TASK BRIEF: What I need is an exact repeat of the lines from the one with "Máy đo độ cứng" through the end of the listing below. Leave out every picture.
═════ DATA EXCERPTS
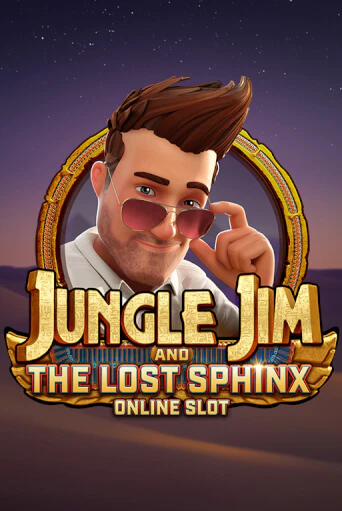 Jungle Jim and the Lost Sphinx играть без денег онлайн | Демо игры Grand Casino Online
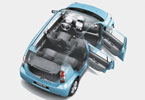      Daihatsu       .  compact ,              10            ,  !
 
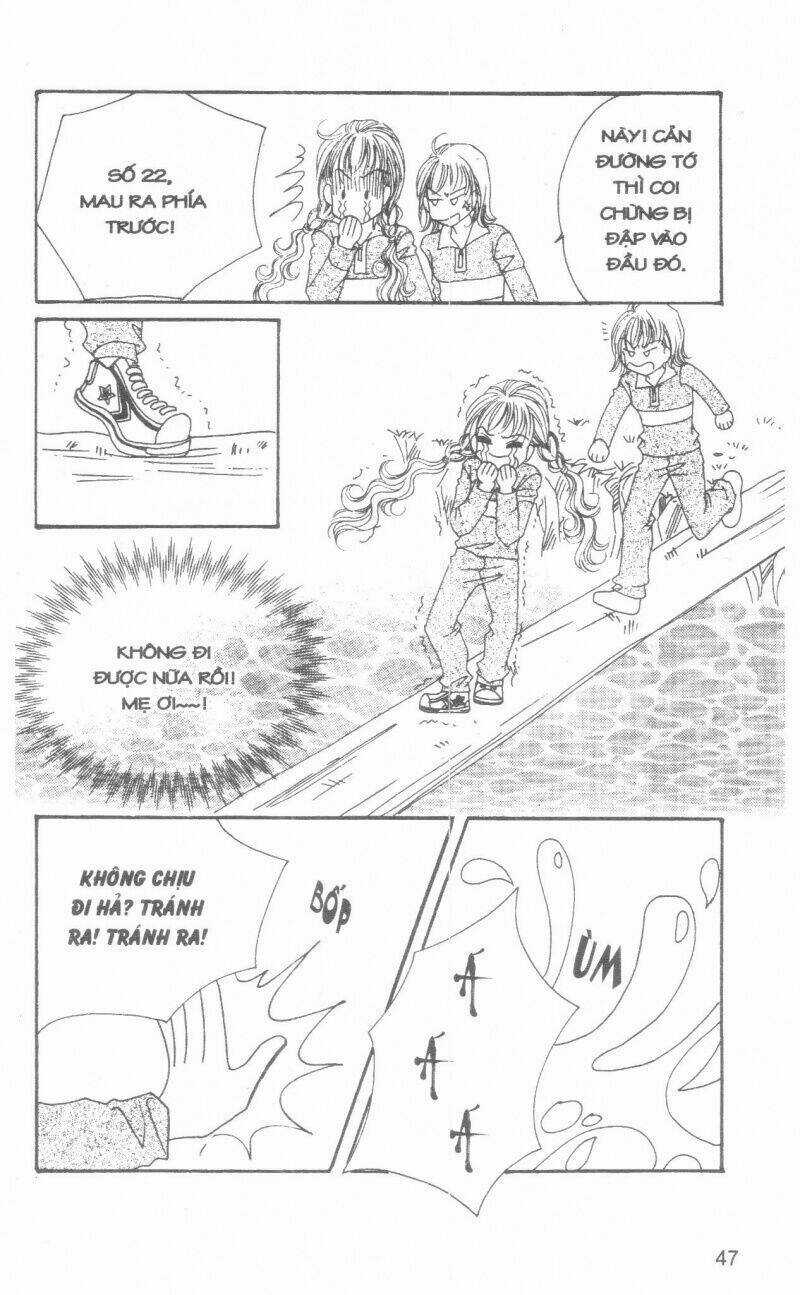 Ghi Chú Hoa Anh Đào Chapter 9 trang 46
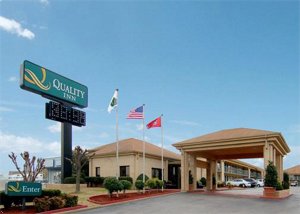 Quality Inn Airport/Graceland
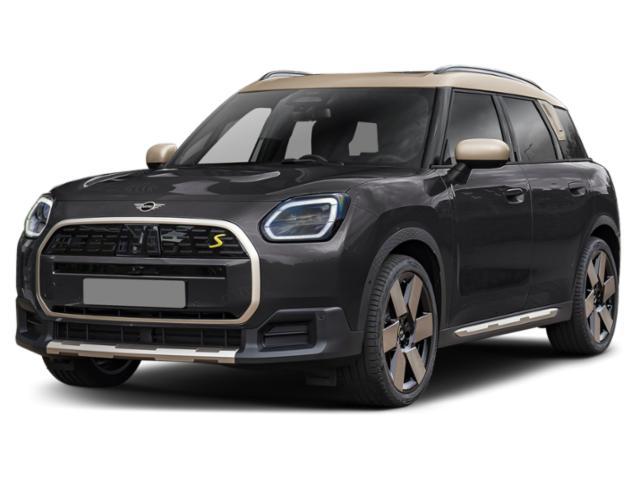 new 2025 MINI Countryman car, priced at $49,740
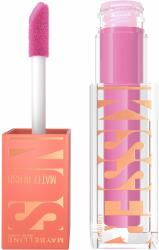 Maybelline New York Sunkisser Matte fard de obraz lichid cu efect matifiant culoare 32 Lila Clouds 4.7 ml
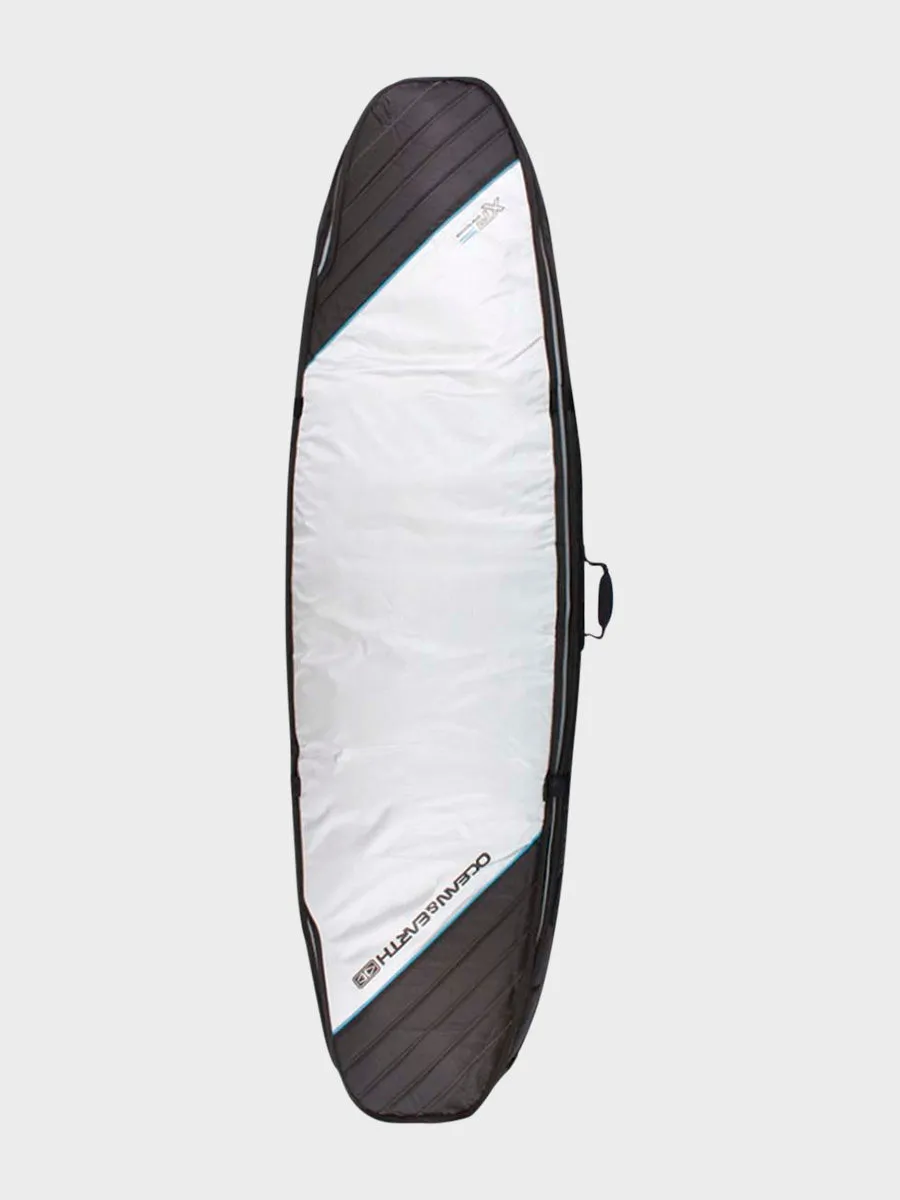 Triple Compact Shortboard Cover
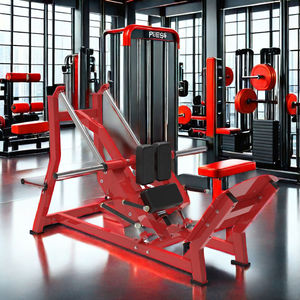 Squat Machine Intensify Leg Workouts With Targeted <b>Strength</b> <b>Training</b> for Gym Exercise Commercial Use - Product Image 1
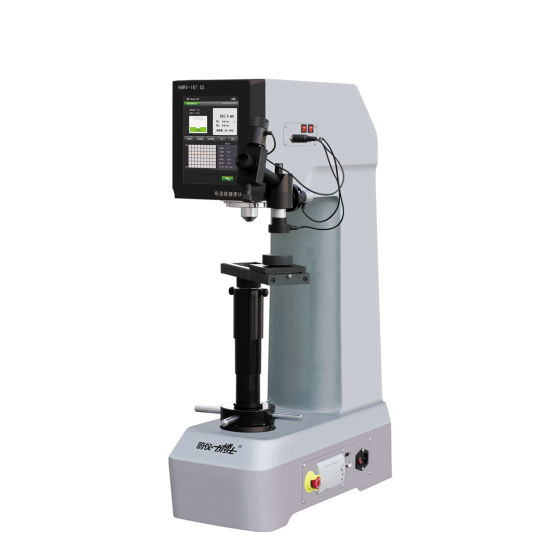 Máy đo độ cứng đa năng Veiyee HBRV-187.5S Brinell Rockwell Vickers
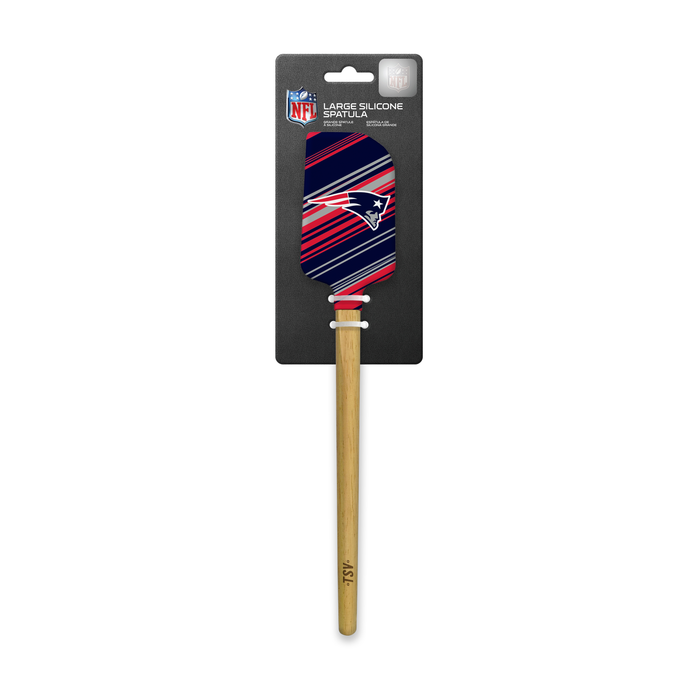 Grande spatule NFL New England Patriots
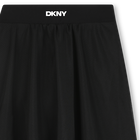 Falda midi 2 en 1 DKNY 
                    NI&Ntilde;A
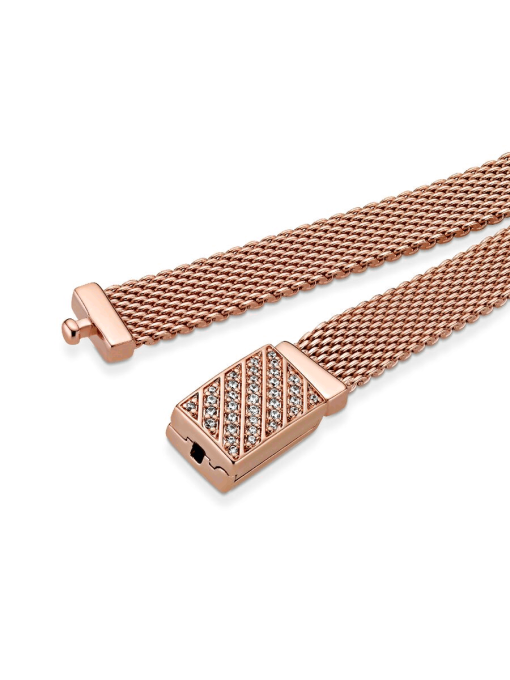 Pandora Reflexions Long Clasp Pave Bracelet - Image 6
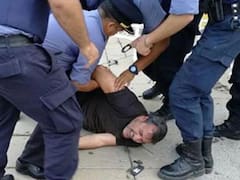 Viedma: incidentes y un detenido de ATE durante la visita de Macri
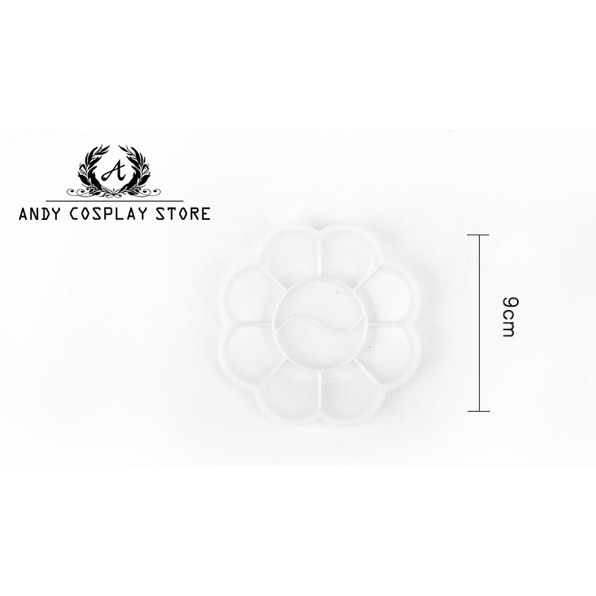 [CÓ SẴN] Bảng màu vẽ Body paiting 12 ô | BigBuy360 - bigbuy360.vn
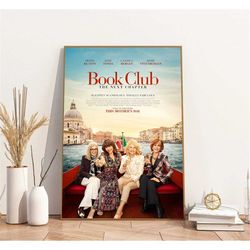 book club: the next chapter movie poster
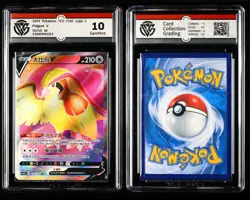 CCG GemMint 10 Nintendo Pokemon TCG CHN. card 3pcs - Image 4
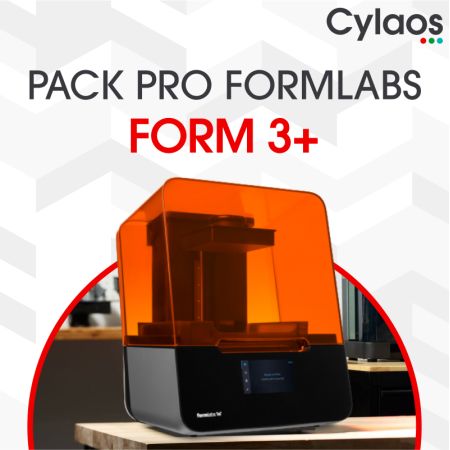 Offre Pack Pro Form 3+ Formlabs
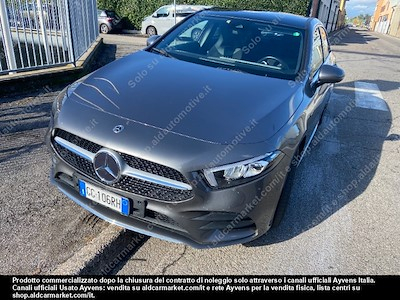 Mercedes-Benz Mercedes a-class A 250 E eq-power -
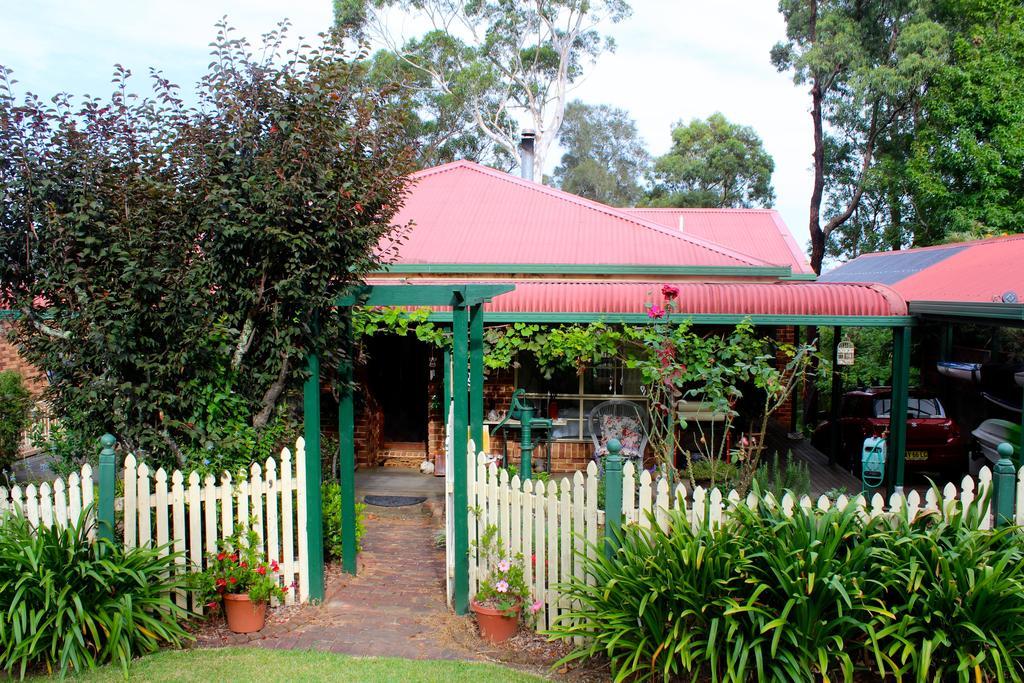 Blue Gum Cottage On Bay Bensville Esterno foto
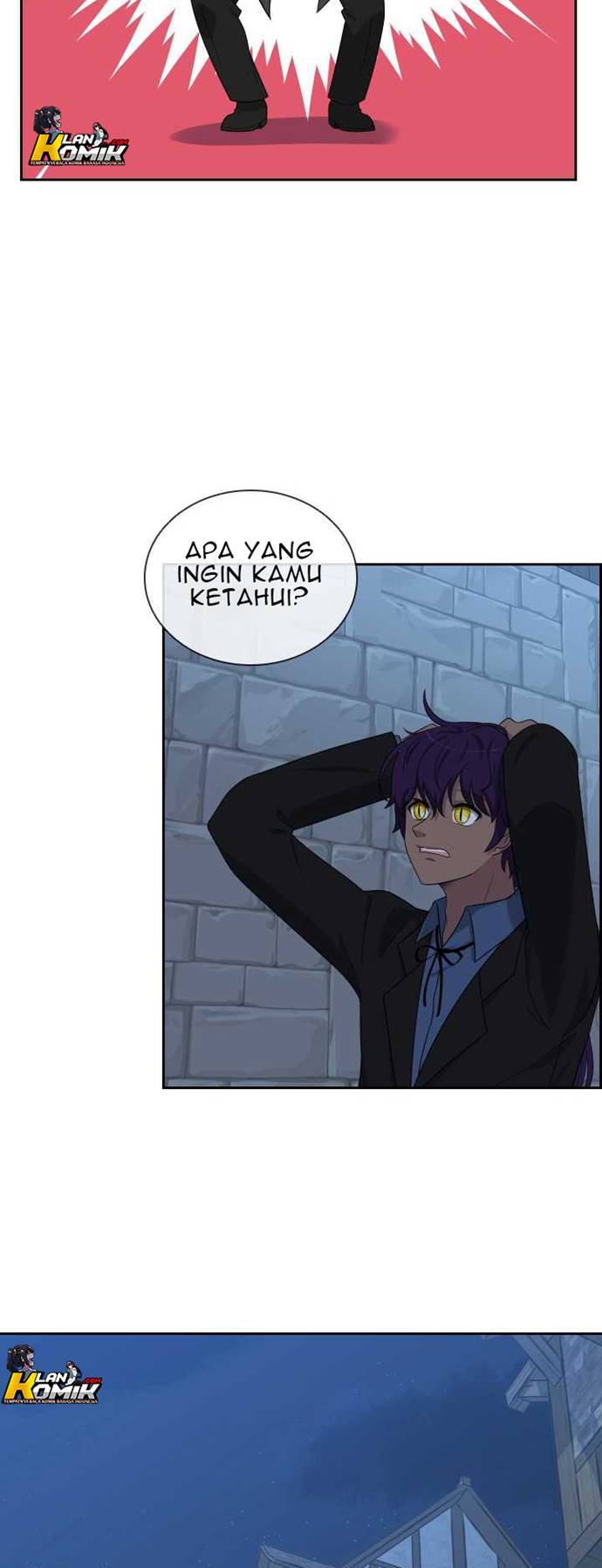 The Book of Lagier Chapter 16 Bahasa Indonesia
══════════
RESPONSE TO THE EXERCISE:
 Máy đo độ cứng đa năng Veiyee HBRV-187.5S Brinell Rockwell Vickers
 Grande spatule NFL New England Patriots
 Falda midi 2 en 1 DKNY 
                    NI&Ntilde;A
 Pandora Reflexions Long Clasp Pave Bracelet - Image 6
 Viedma: incidentes y un detenido de ATE durante la visita de Macri
 [CÓ SẴN] Bảng màu vẽ Body paiting 12 ô | BigBuy360 - bigbuy360.vn
 book club: the next chapter movie poster
 CCG GemMint 10 Nintendo Pokemon TCG CHN. card 3pcs - Image 4
 Offre Pack Pro Form 3+ Formlabs
 Mercedes-Benz Mercedes a-class A 250 E eq-power -
 Blue Gum Cottage On Bay Bensville Esterno foto
 The Book of Lagier Chapter 16 Bahasa Indonesia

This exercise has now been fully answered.